4.1 Information Exchange Protocol

One new HTTP header is defined, Prefetch. There are five Prefetch directives: Negotiate, Report, Profile, Prefetch, and Halt. Some directives take arguments. In particular, usage reports are provided as arguments to the Report directive and usage profiles are provided as arguments to the Profile directive.

Both client and server can limit the amount and define the format of prefetching information they exchange, and specify when such exchanges may take place. When initiated by a client, Prefetch: Negotiate should be sent along with a message to which a response is expected, such as the first GET. Prefetch: Report may be sent by the client along with any message after negotiation has finished. Prefetch: Profile is sent by the server only on GET responses, since the profile pertains to only those URLs whose body is included in the message.

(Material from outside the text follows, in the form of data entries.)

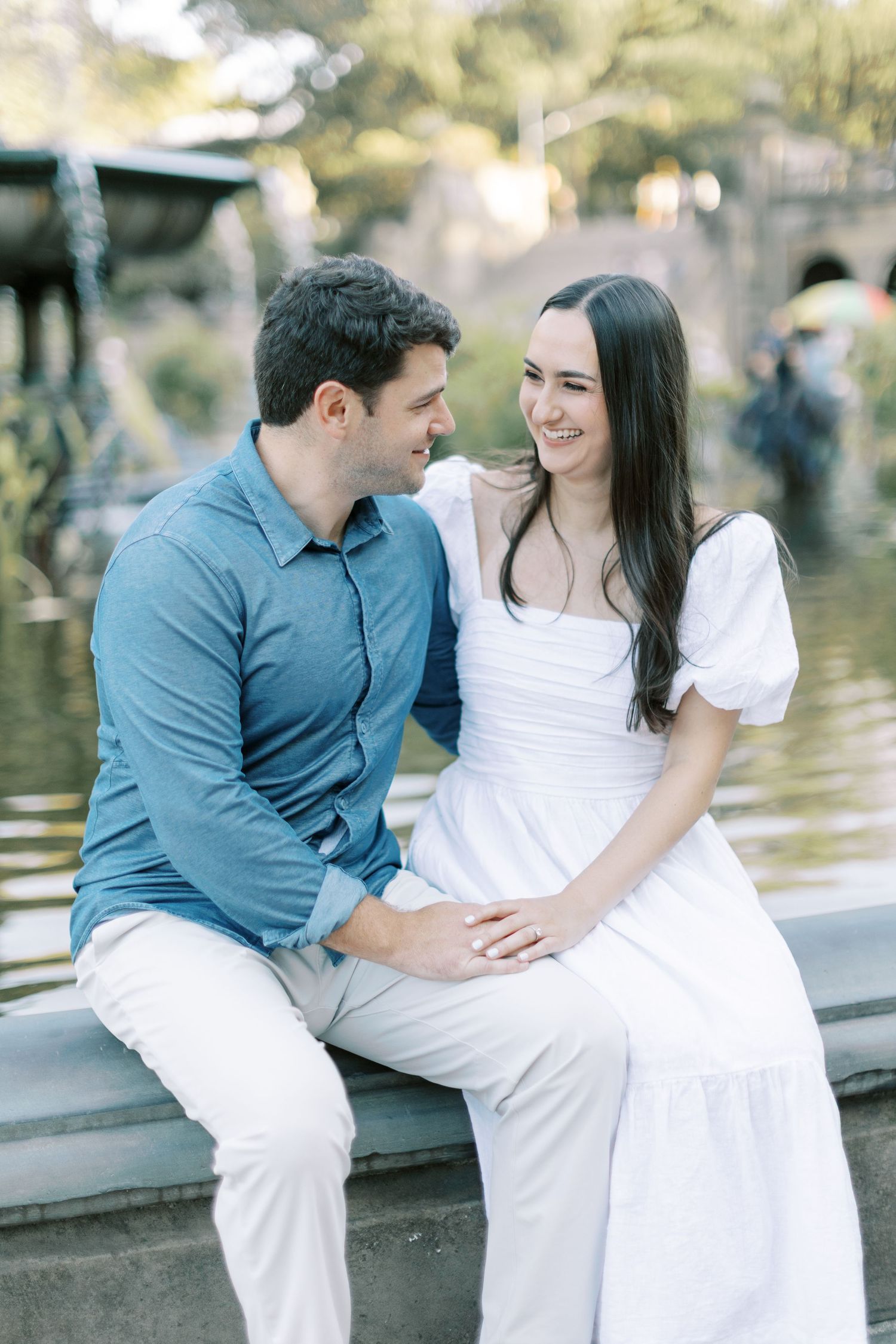 A couple in blue and white outfits share intimate moments by a waterfront in a multi-panel photo sequence.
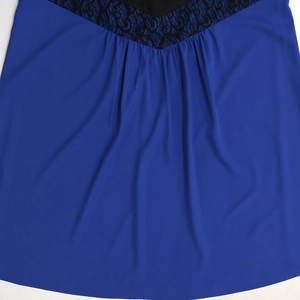 Detail of royal blue chiffon dress featuring black lace trim and draped fabric texture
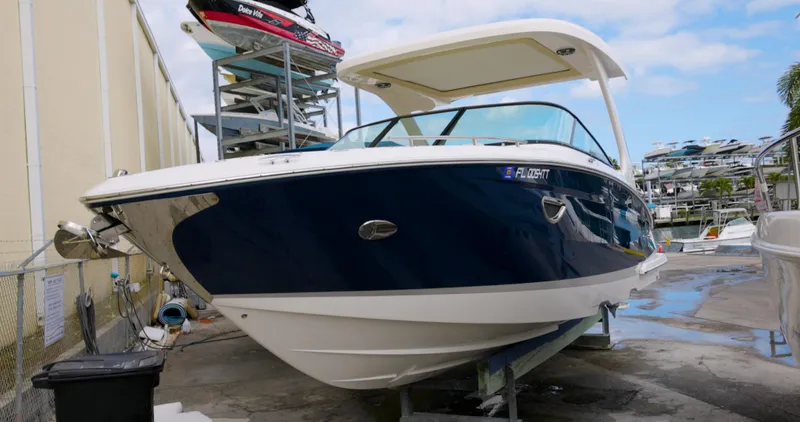  Yacht Photos Pics 2022 Regal 29 OBX boat in marina, blue hull, white deck, stored on lift.
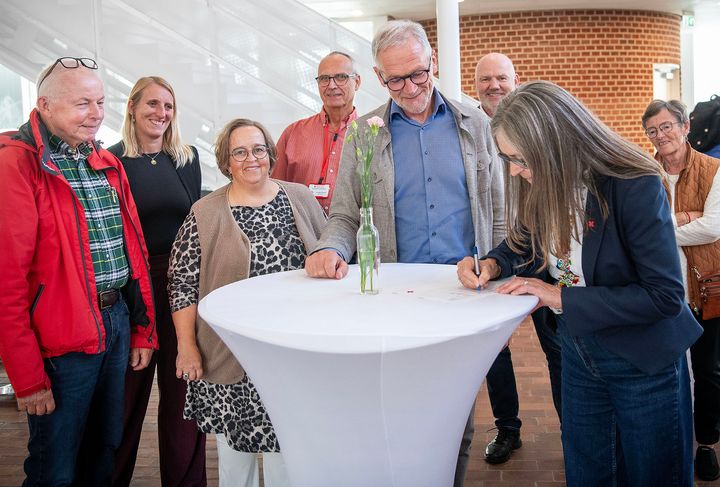 En gruppe mennesker står omkring et bord, mens to personer underskriver en aftale for at forbedre beredskabet, omkranset af Røde Kors- og Tønder Kommune-repræsentanter.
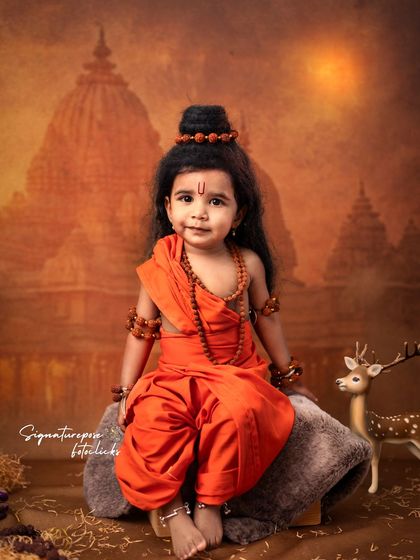 A charming portrait of a little girl dressed as Lord Rama, sitting gracefully against a temple backdrop.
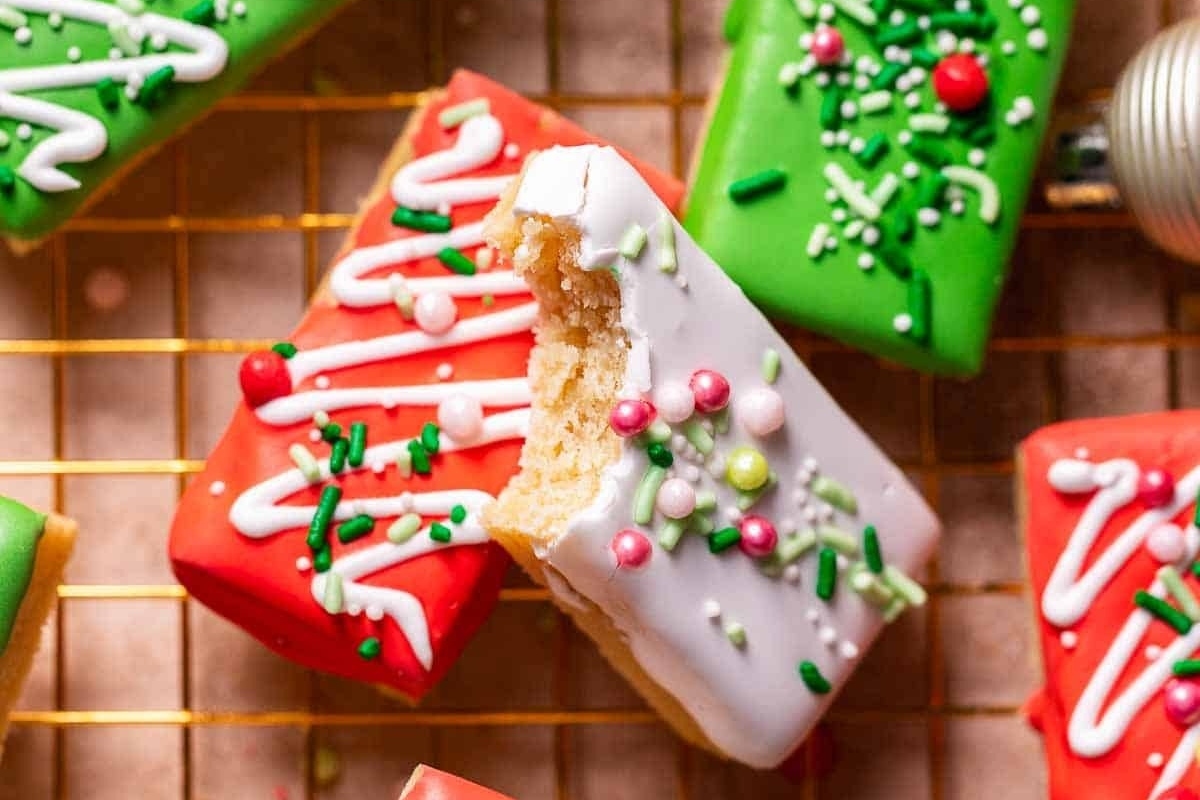 Christmas cookies with icing and decorations on a cooling rack.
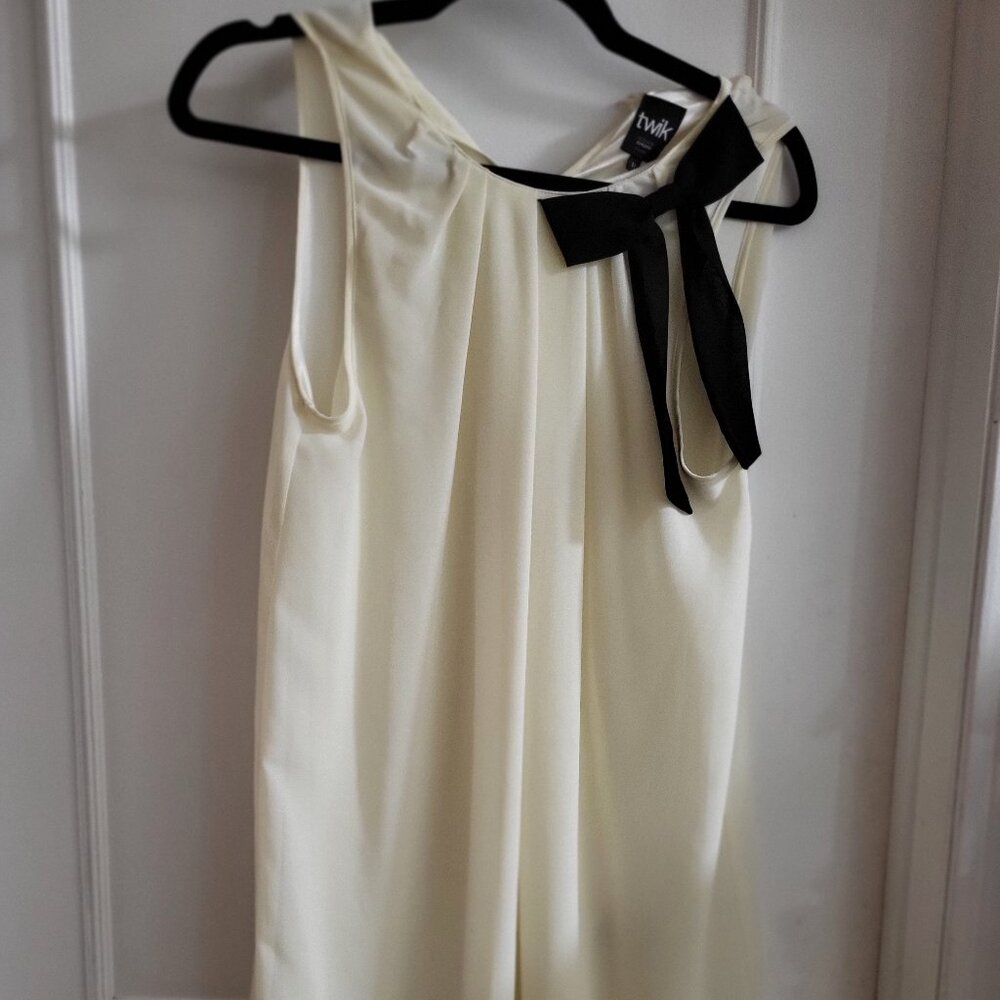 Twik Cream Sleeveless Chiffon Top with Oversized Black Shoulder Bow/Contrast Hem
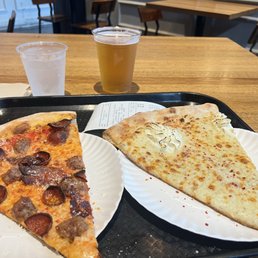 Meat lovers and white pizza slices Meat lovers and white pizza slices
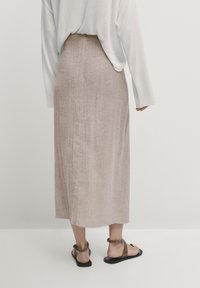Jupe maxi en lin beige avec une coupe droite, surface texturée, taille haute, portée avec des sandales noires. La vue arrière met en avant la simplicité du design.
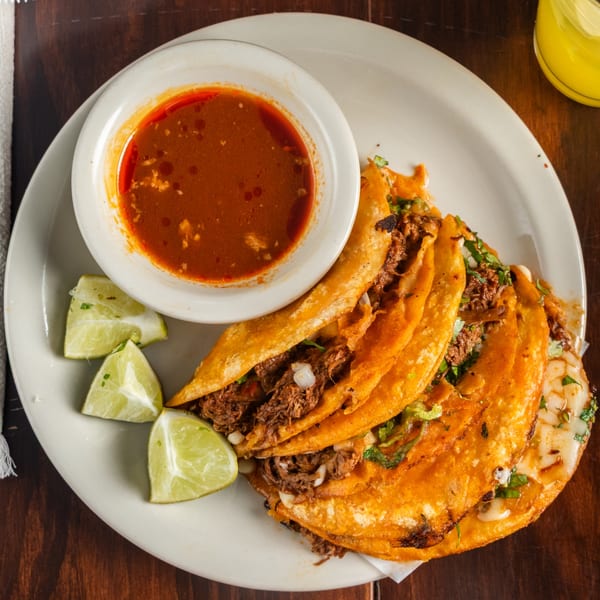 Four Tacos Godoy birria tacos with lime wedges and a side of consommé on a white plate.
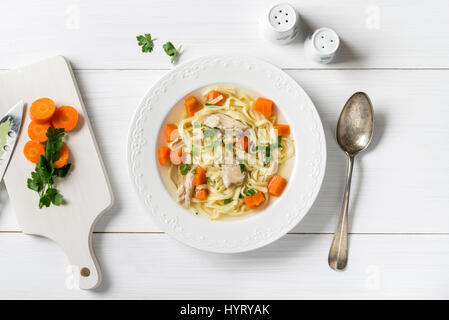 Frische Hühnersuppe mit Gemüse und Nudeln in eine Schüssel mit Möhren und Petersilie auf weißen Tisch, Ansicht von oben Stockfoto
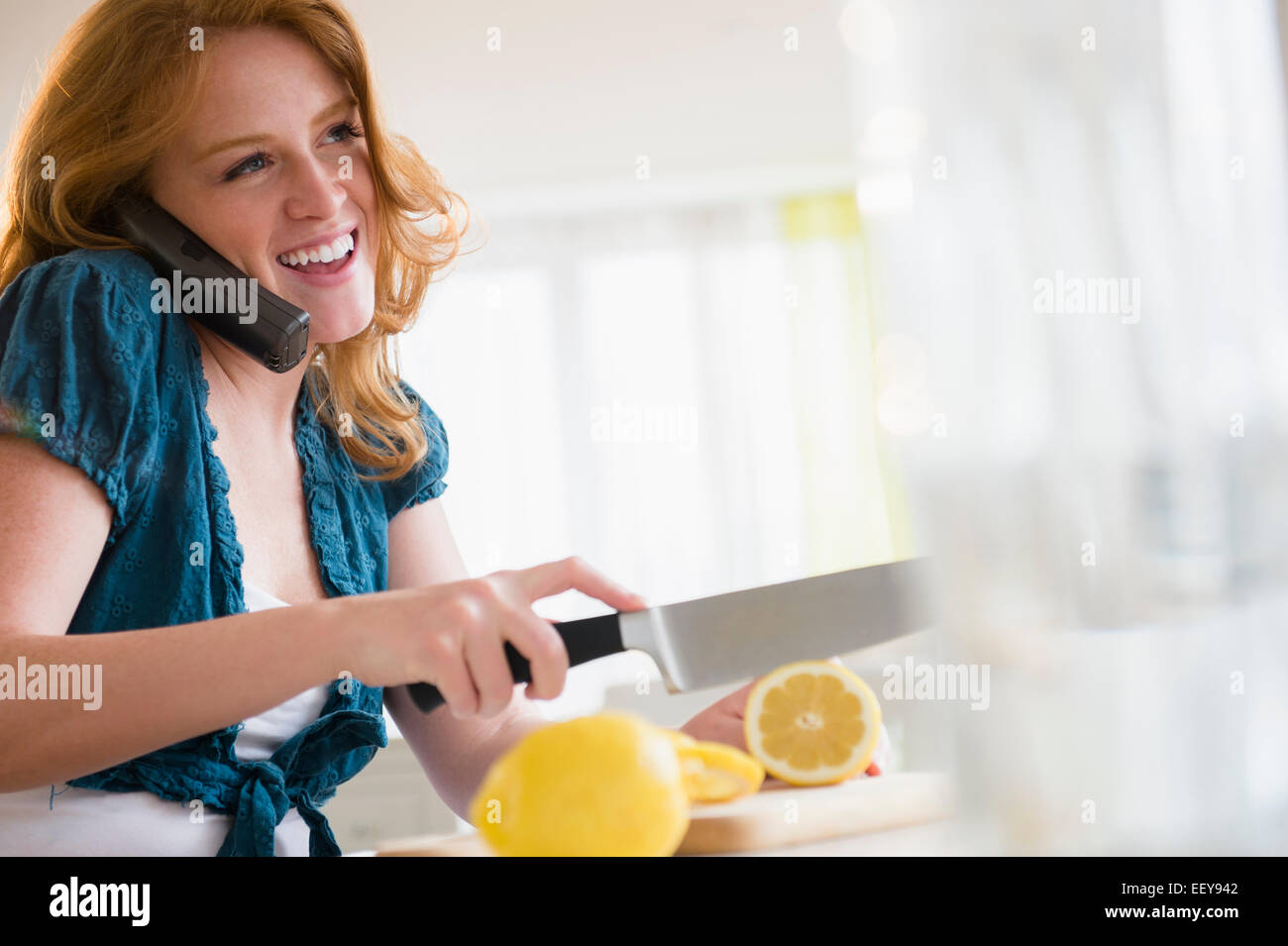 Giovane donna il taglio di limone e parlando al telefono Foto Stock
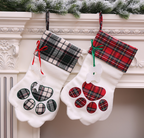 Dog paw Christmas stocking as tree decoration during holiday season
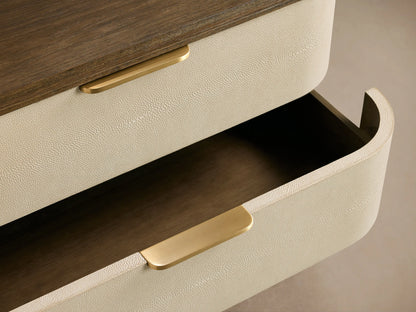 Harrow Six-Drawer Dresser: Light beige faux shagreen dresser with six drawers, dark wood top/base, and gold bar pulls.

The Negotiate directive can be specialized through a number of arguments that specify whether usage reports will be sent occasionally, periodically, after a certain number of page accesses, or once the usage report reaches a certain size. The most common use of Negotiate, Report, Profile, and Prefetch directives is as follows:

client             server
------             ------
   ------------------>
       negotiate
   <------------------
       negotiate
         ...
   ------------------>
        report
         ...
   <------------------
        profile
         ...
   ------------------>
        prefetch
   <------------------
        prefetch

Three other arguments to Negotiate specify the desired format of future usage profile directives. One argument indicates how to age the data. For example, last=10,20,50 means that the server's usage profile should, if possible, summarize which embedded references have been used in the last 10, 20, and 50 references to the page. The server is bound only to make a best effort to retain enough data to deliver usage profiles in the format it has negotiated. The other two arguments specify limits on the size of the usage profile: absolute byte count and relative to the attached GET response.

4.1.1 Record Format

A usage report includes the referring and referred-to URLs, when the request took place, how long it took to satisfy, and the size of the result. Only successful references to HREFs are reported. Usage profiles comprise two sorts of records. One is Last N where N is an integer. The other sort of record is similar to a usage report prefaced by an integer, M. The two types of records are intermixed, with one Last N record followed by some number of ``M...'' records. This pattern repeats. The meaning of such a sequence of records is that the last N times this page was referenced, it happened Mi times that URLi was referenced by that page. The sum of Mi need not equal N.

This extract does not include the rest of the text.